Work instruction:
The expected answer is the set of lines in the data below between the line holding "Camisa Free Country" and the line holding "in October We", inclusive, written out exactly.

Short descriptive text snippets:

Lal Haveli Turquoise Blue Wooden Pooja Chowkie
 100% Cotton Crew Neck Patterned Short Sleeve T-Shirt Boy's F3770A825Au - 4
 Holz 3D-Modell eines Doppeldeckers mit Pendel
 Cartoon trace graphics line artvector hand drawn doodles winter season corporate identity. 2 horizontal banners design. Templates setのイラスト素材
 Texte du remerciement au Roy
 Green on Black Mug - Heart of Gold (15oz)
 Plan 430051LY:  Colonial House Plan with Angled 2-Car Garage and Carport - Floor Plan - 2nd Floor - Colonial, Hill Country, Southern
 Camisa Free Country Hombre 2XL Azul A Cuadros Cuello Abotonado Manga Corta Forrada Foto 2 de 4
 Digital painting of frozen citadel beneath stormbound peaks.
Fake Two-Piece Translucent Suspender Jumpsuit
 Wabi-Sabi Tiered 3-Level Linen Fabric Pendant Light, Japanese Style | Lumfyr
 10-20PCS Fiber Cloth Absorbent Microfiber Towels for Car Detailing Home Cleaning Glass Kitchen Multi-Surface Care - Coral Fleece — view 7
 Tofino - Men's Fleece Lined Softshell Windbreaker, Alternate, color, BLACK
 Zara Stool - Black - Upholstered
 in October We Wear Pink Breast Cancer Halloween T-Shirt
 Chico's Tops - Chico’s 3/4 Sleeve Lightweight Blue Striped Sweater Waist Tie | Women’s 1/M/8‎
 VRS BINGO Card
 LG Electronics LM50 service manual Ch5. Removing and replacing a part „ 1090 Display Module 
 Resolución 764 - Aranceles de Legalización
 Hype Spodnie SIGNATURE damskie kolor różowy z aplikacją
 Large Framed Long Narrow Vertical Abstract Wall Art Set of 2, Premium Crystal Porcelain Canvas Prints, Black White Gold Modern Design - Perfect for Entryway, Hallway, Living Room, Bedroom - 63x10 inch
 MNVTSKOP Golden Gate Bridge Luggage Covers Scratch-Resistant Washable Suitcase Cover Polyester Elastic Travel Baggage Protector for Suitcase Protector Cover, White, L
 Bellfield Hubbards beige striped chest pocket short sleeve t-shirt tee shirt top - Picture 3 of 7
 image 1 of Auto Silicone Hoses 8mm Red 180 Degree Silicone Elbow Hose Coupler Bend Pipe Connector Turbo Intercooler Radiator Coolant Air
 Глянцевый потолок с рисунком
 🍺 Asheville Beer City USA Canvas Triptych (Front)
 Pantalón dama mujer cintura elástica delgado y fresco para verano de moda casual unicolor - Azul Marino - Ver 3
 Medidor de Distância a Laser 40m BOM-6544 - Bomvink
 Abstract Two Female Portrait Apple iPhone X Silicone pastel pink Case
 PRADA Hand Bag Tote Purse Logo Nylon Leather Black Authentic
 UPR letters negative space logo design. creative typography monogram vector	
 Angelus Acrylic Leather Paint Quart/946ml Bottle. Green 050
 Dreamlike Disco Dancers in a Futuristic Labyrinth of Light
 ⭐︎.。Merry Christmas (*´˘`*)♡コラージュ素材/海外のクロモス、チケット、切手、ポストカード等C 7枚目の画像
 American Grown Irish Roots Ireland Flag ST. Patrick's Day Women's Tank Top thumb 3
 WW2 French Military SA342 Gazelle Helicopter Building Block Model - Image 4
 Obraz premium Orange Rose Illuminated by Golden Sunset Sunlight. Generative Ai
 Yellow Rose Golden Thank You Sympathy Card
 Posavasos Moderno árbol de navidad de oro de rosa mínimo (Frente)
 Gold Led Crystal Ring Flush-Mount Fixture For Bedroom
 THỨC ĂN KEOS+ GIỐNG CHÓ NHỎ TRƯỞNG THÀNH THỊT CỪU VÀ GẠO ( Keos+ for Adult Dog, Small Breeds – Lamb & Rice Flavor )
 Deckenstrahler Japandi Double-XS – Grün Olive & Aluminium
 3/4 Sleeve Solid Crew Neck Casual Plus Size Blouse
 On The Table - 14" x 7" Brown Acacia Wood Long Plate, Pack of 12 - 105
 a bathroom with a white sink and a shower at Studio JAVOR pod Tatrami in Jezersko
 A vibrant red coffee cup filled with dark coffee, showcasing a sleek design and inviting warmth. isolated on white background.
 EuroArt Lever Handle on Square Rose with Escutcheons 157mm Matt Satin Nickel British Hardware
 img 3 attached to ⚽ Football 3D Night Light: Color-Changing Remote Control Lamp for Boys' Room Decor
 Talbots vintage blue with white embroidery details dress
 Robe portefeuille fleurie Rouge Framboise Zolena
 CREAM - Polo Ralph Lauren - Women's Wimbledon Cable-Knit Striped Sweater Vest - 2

Response to the task:
 Camisa Free Country Hombre 2XL Azul A Cuadros Cuello Abotonado Manga Corta Forrada Foto 2 de 4
 Digital painting of frozen citadel beneath stormbound peaks.
Fake Two-Piece Translucent Suspender Jumpsuit
 Wabi-Sabi Tiered 3-Level Linen Fabric Pendant Light, Japanese Style | Lumfyr
 10-20PCS Fiber Cloth Absorbent Microfiber Towels for Car Detailing Home Cleaning Glass Kitchen Multi-Surface Care - Coral Fleece — view 7
 Tofino - Men's Fleece Lined Softshell Windbreaker, Alternate, color, BLACK
 Zara Stool - Black - Upholstered
 in October We Wear Pink Breast Cancer Halloween T-Shirt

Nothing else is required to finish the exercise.